Scientists who work with select biological agents and toxins but who have not yet been issued certificates required by the US Centers for Disease Control and Prevention (CDC) and the US Department of Agriculture (USDA) can breathe easier now. As long as such researchers have submitted all necessary documentation to the government before a November 12 deadline, they can be issued provisional registration certificates and grants of access if mandatory Federal Bureau of Investigation (FBI) background checks haven't been completed, according to Ted Jones, acting director of the CDC' Select Agent Program.

Last week, Jones told The Scientist that “final decisions haven't been made” on how to deal with researchers who had completed paperwork but whose FBI clearances had been delayed. The amendment now clarifies their response to this issue.

Under the “select agent rule,” researchers needing access to select agents—a collection of 80 or so bacteria, viruses, and toxins that could pose a threat to human health or agriculture—must undergo security risk assessments by the FBI and a separate lab inspection by either the CDC or the USDA. Jones said last week that those labs whose paperwork is in order but that have not yet been inspected by the CDC would be given permission to continue working after the November 12 deadline. A USDA spokesperson said at the time that labs wishing to work with select agricultural agents could receive a 3-year certificate of registration without inspection.

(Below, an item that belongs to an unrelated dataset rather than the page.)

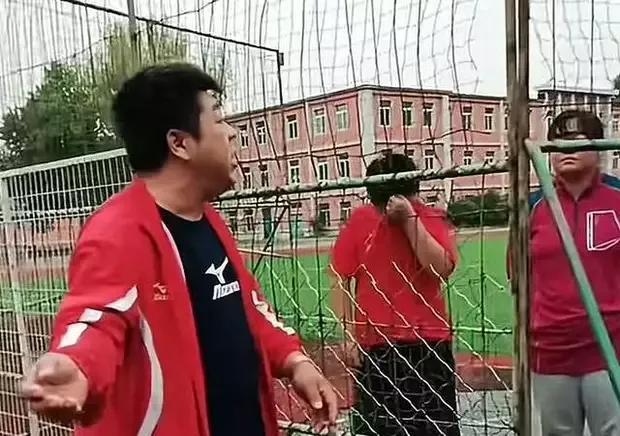 56岁鞍山教师裴吉阳离世：出院5天返岗一件皮衣穿了25年(图6)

The FBI background checks were to have been completed by June 12, and the rules fully implemented by November 12. But many of the 8000 or so background check requests have not yet been completed. According to the Federal Register, where the amendment was published, the FBI Criminal Justice Information Services (CJIS) Division “has finalized over 5000 security risk assessments” and expects to process “almost all of the completed applications that were pending as of October 1, 2003” by November 12. But CJIS also has sent “more than 2450” letters advising individuals of incomplete applications, whose processing will be delayed as a result.

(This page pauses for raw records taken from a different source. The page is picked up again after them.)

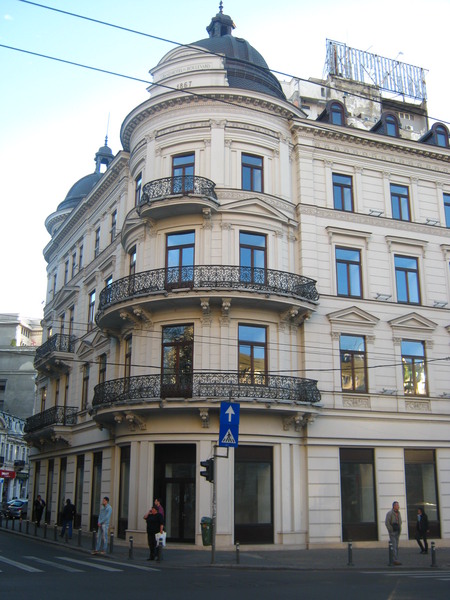 fine-iron-work_g-h-b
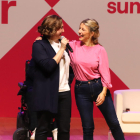 L’alcaldessa de Barcelona, Ada Colau, i Yolanda Díaz, ahir al míting de Sumar a la capital catalana.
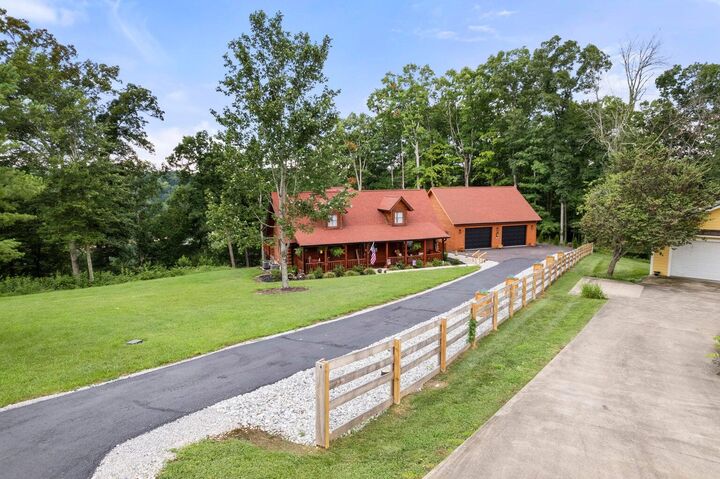 Property Photo:  396 Laurelwood Drive  KY 42544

Two weeks ago (October 23), the American Society for Microbiology (ASM), fearing a disruption in the nation's bioterror research capacity if researchers who had not been cleared were barred from their labs, requested that the Secretaries of Agriculture and Health and Human Services push back the November 12 deadline to give the FBI time to finish its work. “We're relieved,” past ASM President Ron Atlas told The Scientist. “It meets what we asked for in the letters.”

But the ASM's letter was not what drove the CDC to amend their rule, said Jones. Instead, the impetus for the amendment came in early September, when CJIS informed the CDC that they would not be able to complete all the security risk assessments by the November 12 deadline.

The select agent rules implement part of the Public Health Security and Bioterrorism Preparedness and Response Act of 2002. The act, Jones said, stipulates that the regulations should not impede the nation's research and education efforts. As a result, researchers working with select agents prior to February 7, 2003, when the law went into effect, have been allowed to continue working while the new rule is implemented. The new amendment basically maintains the status quo.

The select agent regulations will still go into effect November 12. Jones said that provisional certificates would be mailed sometime afterward. These certificates will remain valid until the FBI completes its assessments, at which time the CDC or the USDA will either issue a full clearance or revoke the temporary one.

“I assume that for various institutions, this is a momentary sigh of relief,” said ASM's Atlas.